For the rest of the week, that worked and didn't worked at times, but I felt myself starting to go from frumpy to ok, when one morning I decided to call my other spiritual teachers, who in many ways was my first. She is also the disciple of my guru. We've always had this weird, instant connection from the day I met her in 2010 (a connection perhaps to be exposed much, much later in this blog). As a result, I've always felt I could be completely honest and open with her as if I were speaking to one of my best and closest friends. So I called early one morning, half expecting that she would be busy and not answer, but lo and behold she did. We talked for quite a long time about many things which she gave me...not just good advice or even very good advice, but the right kind of advice...you know that kind that makes you go "you sure are right" or "aha" upon hearing it. Like it just clicks for you, no matter how hard it is to hear it. These are the moments I had on the phone. I explained to her the negative emotions, feelings and thoughts I was having towards people, those that I was in conflict with and those that have and would only treat me with love and kindness, people who would probably support me and try to uplift my spirits. I also informed of her of the accompanying shame towards myself of my feelings of jealousy and pride towards those very same people who would do nothing but love me (some of which I have never even met). Her words comforted me in that she stated that this was a good thing in many ways, that I was not personally jealousy or mad or vindictive towards good people, but rather the emotions are coming out of me to be dealt with. I still felt and feel bad about having those emotions, but I feel better in knowing that this is a part of the spiritual path. Emotions come out in different ways and forms for different people. And this is just my way. These emotions are here and they can't be erased with a magical eraser, rather they have to come to the surface to realize and recognize that they are there and be dealt with in a constructive way centered around awareness. 

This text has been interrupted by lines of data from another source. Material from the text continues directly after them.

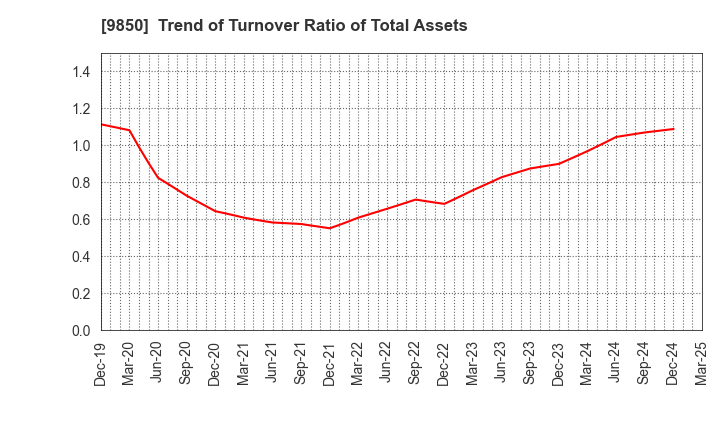 9850 GOURMET KINEYA CO.,LTD.: Trend of Turnover Ratio of Total Assets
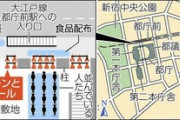 【東京】ホームレス支援団体が都庁敷地に無断で並ばせる→歩道との境界に三角コーン設置→東京新聞「排除と受け止められる」と批判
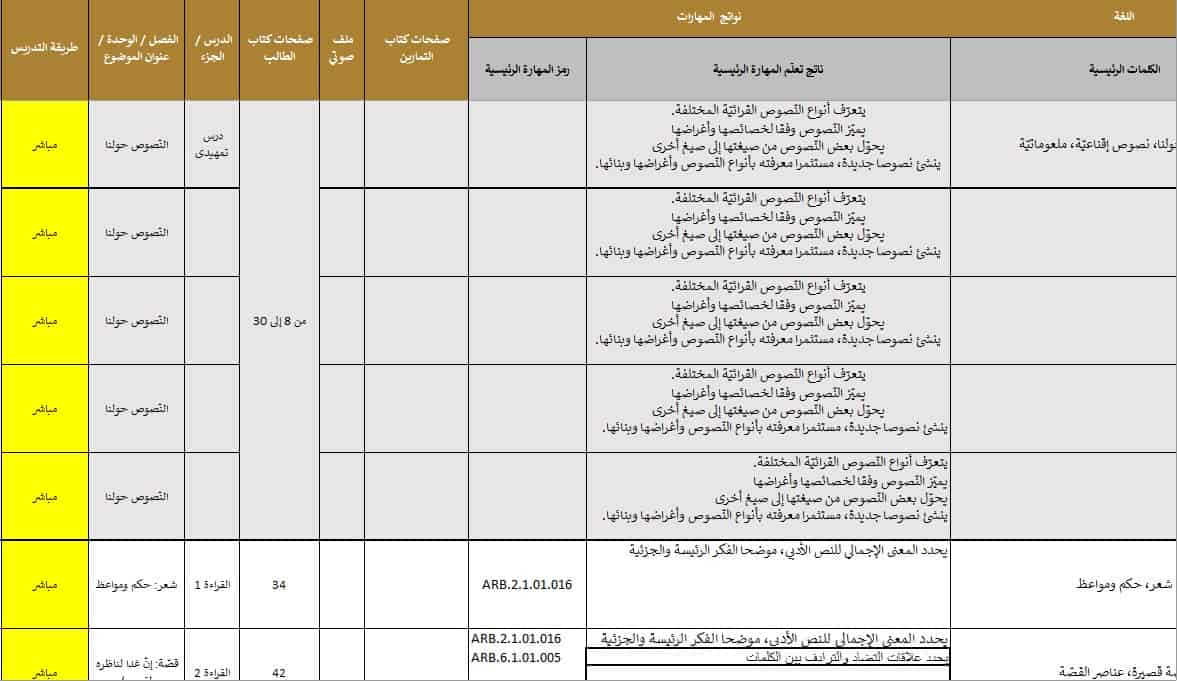 الخطة الفصلية اللغة العربية الصف السابع الفصل الدراسي الثاني 2022-2023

I automatically started thinking of how I could deal with them. When I simply asked her how. When she said you must get to the root of them. This is what my guide says as well. But I wondered how do you get to the root of them without forcing things? Without stopping bad thoughts and so on? Awareness was the key. You let the thoughts play but you do not engage with them and allow them to carry you off somewhere (she said more elegantly, but hopefully you get the picture). You become aware of the stream and how the stream starts flowing without stopping it. This way you not only come to understand the entire process, but you allow the negative emotions to flow out of you and because you know how the entire process works, you will know when the process is starting again and then can you become aware and do what is necessary to not allow the process to go any further. But to begin this tranformative process, I have to let go and surrender to the emotions that I'm feeling and recognize that they are there, but they are not Me.  So that's what I'm doing or at least doing my best to do. I'm trying my best to surrender, to give in to what's inside me and just be an observer, no matter what ugliness may come up. I have to accept that it is there and it's ok. It's part of the process...

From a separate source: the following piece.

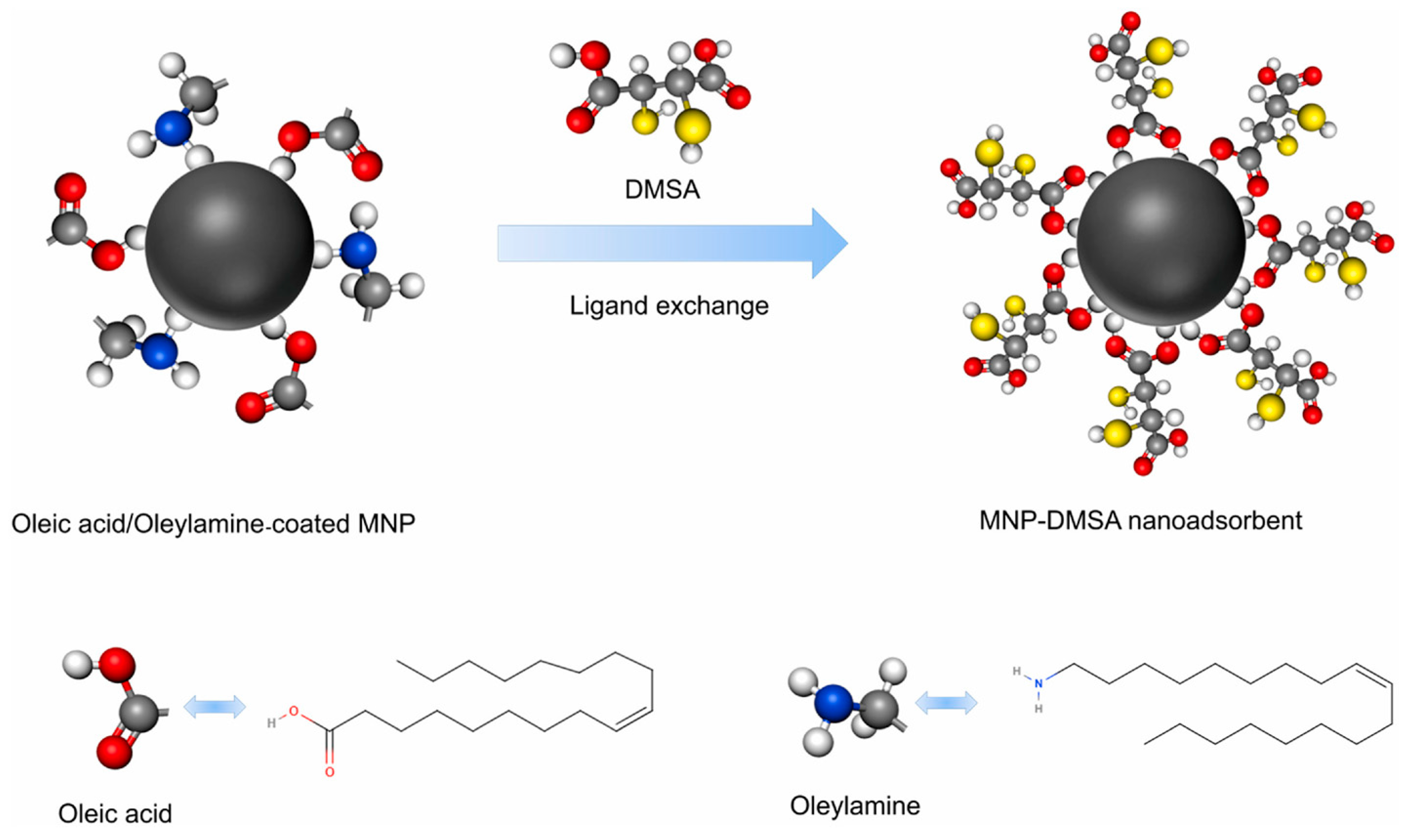 Materials 17 05141 g011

I also told her about the confusion and the distance and my inactivity on the spiritual path. I asked her the same or similar questions I posed at the end of the Week 2 post. She confirmed that nothing in life and on the spiritual path should be forced. And yet, one must recognize the difference between force and action. She stated that laziness, inaction as a result of not doing something even though one wants too, is a form of karma. If one is attempting to do something that they feel an allergic-like reaction to almost like complete and other repulsion and revulsion, than that is force. This makes sense to me. And clears many things up. I don't feel like praying and mantras and yoga are my personal allergies. When I actually muster enough will power and agency to actually get on my mat or go into my spiritual corner area, I love being there, I want to be there. It's getting there that has been the issue. Laziness is my issue and as it is a form of karma, I can overcome it, simply and yet so tough. The only way to overcome laziness karma is to act. I have to do it, no matter what. It is the only way. Seeing as though this is laziness, its not forcing myself to do anything, its overcoming a high level of inaction and replacing with the proper activeness which is required on the spiritual path....

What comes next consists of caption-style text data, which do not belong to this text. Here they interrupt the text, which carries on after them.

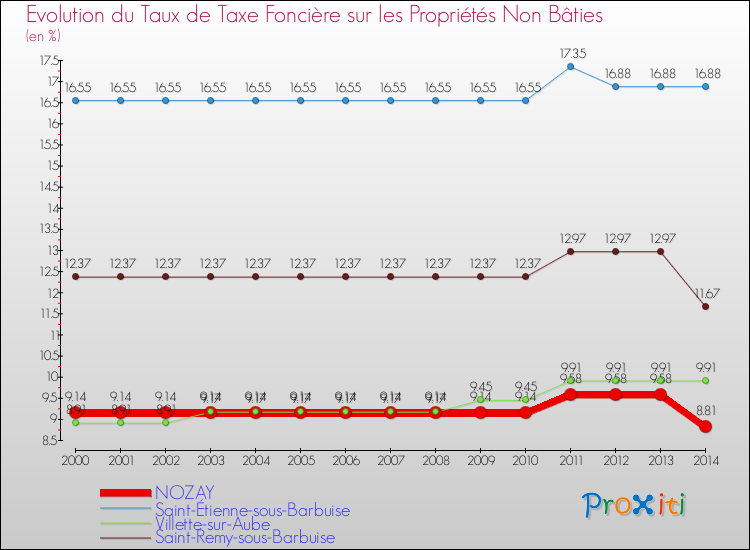 Evolution du taux de la taxe foncière sur les immeubles et terrains non batis pour NOZAY et les communes proches de 2000 à 2014 Comparaison des taux de la taxe foncière sur les immeubles et terrains non batis pour NOZAY et les communes voisines de 2000 à 2014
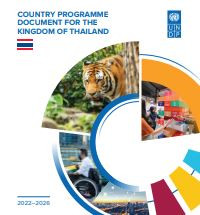 Image of E-book Country Programme Document for the Kingdom of Thailand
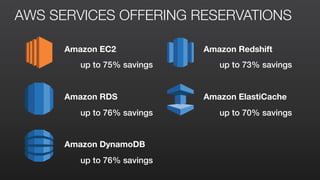 AWS SERVICES OFFERING RESERVATIONS
Amazon EC2
up to 75% savings
Amazon RDS
up to 76% savings
Amazon DynamoDB
up to 76% savings
Amazon Redshift
up to 73% savings
Amazon ElastiCache
up to 70% savings
 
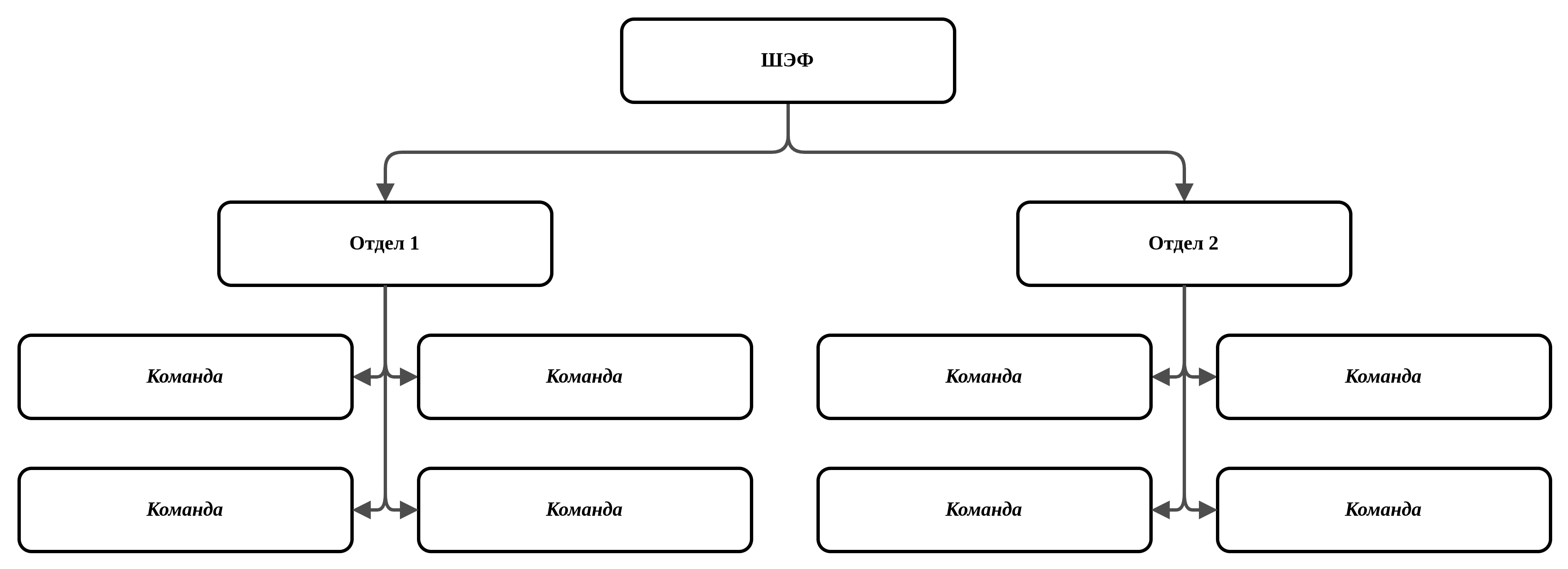Команда Команда Отдел 1 ШЭФ Команда Команда Команда Команда Отдел 2 Команда Команда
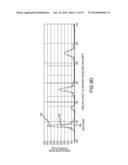 Touch Screen Display with Transparent Electrical Shielding Layer diagram and image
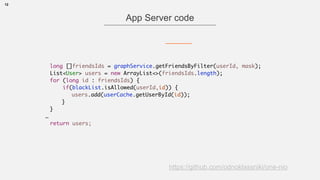 12
App Server code
https://github.com/odnoklassniki/one-nio
long []friendsIds = graphService.getFriendsByFilter(userId, mask);
List<User> users = new ArrayList<>(friendsIds.length);
for (long id : friendsIds) {
if(blackList.isAllowed(userId,id)) {
users.add(userCache.getUserById(id));
}
}
…
return users;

After that conversation,  I resigned myself to do better. I felt like I now had the necessary tools to go forward with this challenge and do better. I wanted to do better. And my week got a little more active. I did my asana sessions and I prayed and recited mantras. I even began journaling again. It's now Saturday and I feel good about moving forward now knowing what to do and what's going on with me. I'm finally...slowly...gradually...turtle-like slowly beginning to learn acceptance, letting go and true surrender...

I wonder what's in store for Week 4?!?!?!...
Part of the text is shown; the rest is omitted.